■ Material for the task ■
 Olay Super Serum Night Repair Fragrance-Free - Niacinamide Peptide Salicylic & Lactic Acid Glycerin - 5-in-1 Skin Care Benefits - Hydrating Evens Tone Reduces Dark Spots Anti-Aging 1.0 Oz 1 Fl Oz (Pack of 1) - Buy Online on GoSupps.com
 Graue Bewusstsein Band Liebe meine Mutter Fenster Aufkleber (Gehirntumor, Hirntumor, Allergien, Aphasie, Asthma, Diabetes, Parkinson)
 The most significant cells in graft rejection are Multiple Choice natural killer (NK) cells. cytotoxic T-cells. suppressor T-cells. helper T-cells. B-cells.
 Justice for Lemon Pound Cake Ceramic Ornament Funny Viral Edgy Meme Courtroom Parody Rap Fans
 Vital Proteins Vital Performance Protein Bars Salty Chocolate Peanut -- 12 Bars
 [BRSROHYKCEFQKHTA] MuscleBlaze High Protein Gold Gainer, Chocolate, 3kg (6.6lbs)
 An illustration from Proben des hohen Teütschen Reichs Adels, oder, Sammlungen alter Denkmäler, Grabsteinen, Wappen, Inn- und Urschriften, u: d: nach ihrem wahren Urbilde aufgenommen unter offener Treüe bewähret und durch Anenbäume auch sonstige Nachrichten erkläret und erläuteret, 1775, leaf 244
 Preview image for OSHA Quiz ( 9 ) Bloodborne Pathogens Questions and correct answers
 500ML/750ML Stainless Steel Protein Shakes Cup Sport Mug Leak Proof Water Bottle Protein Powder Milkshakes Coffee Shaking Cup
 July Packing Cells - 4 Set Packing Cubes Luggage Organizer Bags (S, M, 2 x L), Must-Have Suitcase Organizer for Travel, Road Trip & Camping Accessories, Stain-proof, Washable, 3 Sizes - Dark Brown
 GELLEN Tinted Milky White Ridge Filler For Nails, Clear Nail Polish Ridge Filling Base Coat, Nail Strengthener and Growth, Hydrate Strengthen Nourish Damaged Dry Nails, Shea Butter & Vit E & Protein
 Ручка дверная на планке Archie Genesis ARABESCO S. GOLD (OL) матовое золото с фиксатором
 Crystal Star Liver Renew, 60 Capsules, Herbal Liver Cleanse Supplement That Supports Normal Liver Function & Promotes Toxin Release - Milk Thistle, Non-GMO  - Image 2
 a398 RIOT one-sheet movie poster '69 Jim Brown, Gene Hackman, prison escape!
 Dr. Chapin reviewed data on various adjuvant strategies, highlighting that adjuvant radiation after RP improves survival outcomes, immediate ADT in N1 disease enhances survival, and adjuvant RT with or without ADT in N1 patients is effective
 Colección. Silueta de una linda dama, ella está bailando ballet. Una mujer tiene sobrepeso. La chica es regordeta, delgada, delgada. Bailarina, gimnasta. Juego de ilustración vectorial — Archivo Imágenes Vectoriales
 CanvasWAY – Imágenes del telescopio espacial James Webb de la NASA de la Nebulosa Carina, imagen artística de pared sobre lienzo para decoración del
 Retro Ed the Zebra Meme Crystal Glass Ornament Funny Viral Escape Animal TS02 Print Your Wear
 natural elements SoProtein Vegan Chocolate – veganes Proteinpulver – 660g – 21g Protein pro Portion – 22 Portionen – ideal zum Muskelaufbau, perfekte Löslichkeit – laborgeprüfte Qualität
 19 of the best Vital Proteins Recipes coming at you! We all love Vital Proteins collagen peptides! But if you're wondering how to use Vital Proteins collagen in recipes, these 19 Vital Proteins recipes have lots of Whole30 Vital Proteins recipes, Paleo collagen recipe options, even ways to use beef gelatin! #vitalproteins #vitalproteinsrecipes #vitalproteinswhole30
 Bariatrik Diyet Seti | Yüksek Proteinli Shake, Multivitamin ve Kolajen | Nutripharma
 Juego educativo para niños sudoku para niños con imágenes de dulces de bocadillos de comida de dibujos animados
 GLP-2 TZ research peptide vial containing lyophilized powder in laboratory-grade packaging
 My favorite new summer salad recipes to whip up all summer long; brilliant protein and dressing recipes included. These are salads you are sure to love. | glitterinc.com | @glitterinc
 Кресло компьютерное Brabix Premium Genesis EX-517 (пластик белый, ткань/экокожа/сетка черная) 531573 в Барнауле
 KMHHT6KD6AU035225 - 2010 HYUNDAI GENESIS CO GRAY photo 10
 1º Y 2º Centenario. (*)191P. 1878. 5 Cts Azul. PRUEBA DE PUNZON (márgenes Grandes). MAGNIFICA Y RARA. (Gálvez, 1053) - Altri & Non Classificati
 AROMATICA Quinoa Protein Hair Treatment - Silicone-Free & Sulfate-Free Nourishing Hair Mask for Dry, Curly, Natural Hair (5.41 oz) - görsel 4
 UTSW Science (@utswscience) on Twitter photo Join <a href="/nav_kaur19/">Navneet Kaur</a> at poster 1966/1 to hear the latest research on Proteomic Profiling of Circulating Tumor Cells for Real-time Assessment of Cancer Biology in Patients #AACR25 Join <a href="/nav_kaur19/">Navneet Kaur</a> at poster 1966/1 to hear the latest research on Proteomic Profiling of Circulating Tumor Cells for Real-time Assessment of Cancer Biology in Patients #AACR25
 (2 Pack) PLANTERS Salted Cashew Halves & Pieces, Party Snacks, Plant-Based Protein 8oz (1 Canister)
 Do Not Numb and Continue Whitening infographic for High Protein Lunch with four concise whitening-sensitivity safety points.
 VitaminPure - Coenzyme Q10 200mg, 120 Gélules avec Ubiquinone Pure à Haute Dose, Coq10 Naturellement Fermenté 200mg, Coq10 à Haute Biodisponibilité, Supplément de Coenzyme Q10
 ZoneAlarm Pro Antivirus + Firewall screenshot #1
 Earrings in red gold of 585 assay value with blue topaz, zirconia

■ What to produce ■
Repeat every line of the data word for word until you have repeated the line that contains "[BRSROHYKCEFQKHTA] MuscleBlaze High", which is the last one to include.

■ Response to the exercise ■
 Olay Super Serum Night Repair Fragrance-Free - Niacinamide Peptide Salicylic & Lactic Acid Glycerin - 5-in-1 Skin Care Benefits - Hydrating Evens Tone Reduces Dark Spots Anti-Aging 1.0 Oz 1 Fl Oz (Pack of 1) - Buy Online on GoSupps.com
 Graue Bewusstsein Band Liebe meine Mutter Fenster Aufkleber (Gehirntumor, Hirntumor, Allergien, Aphasie, Asthma, Diabetes, Parkinson)
 The most significant cells in graft rejection are Multiple Choice natural killer (NK) cells. cytotoxic T-cells. suppressor T-cells. helper T-cells. B-cells.
 Justice for Lemon Pound Cake Ceramic Ornament Funny Viral Edgy Meme Courtroom Parody Rap Fans
 Vital Proteins Vital Performance Protein Bars Salty Chocolate Peanut -- 12 Bars
 [BRSROHYKCEFQKHTA] MuscleBlaze High Protein Gold Gainer, Chocolate, 3kg (6.6lbs)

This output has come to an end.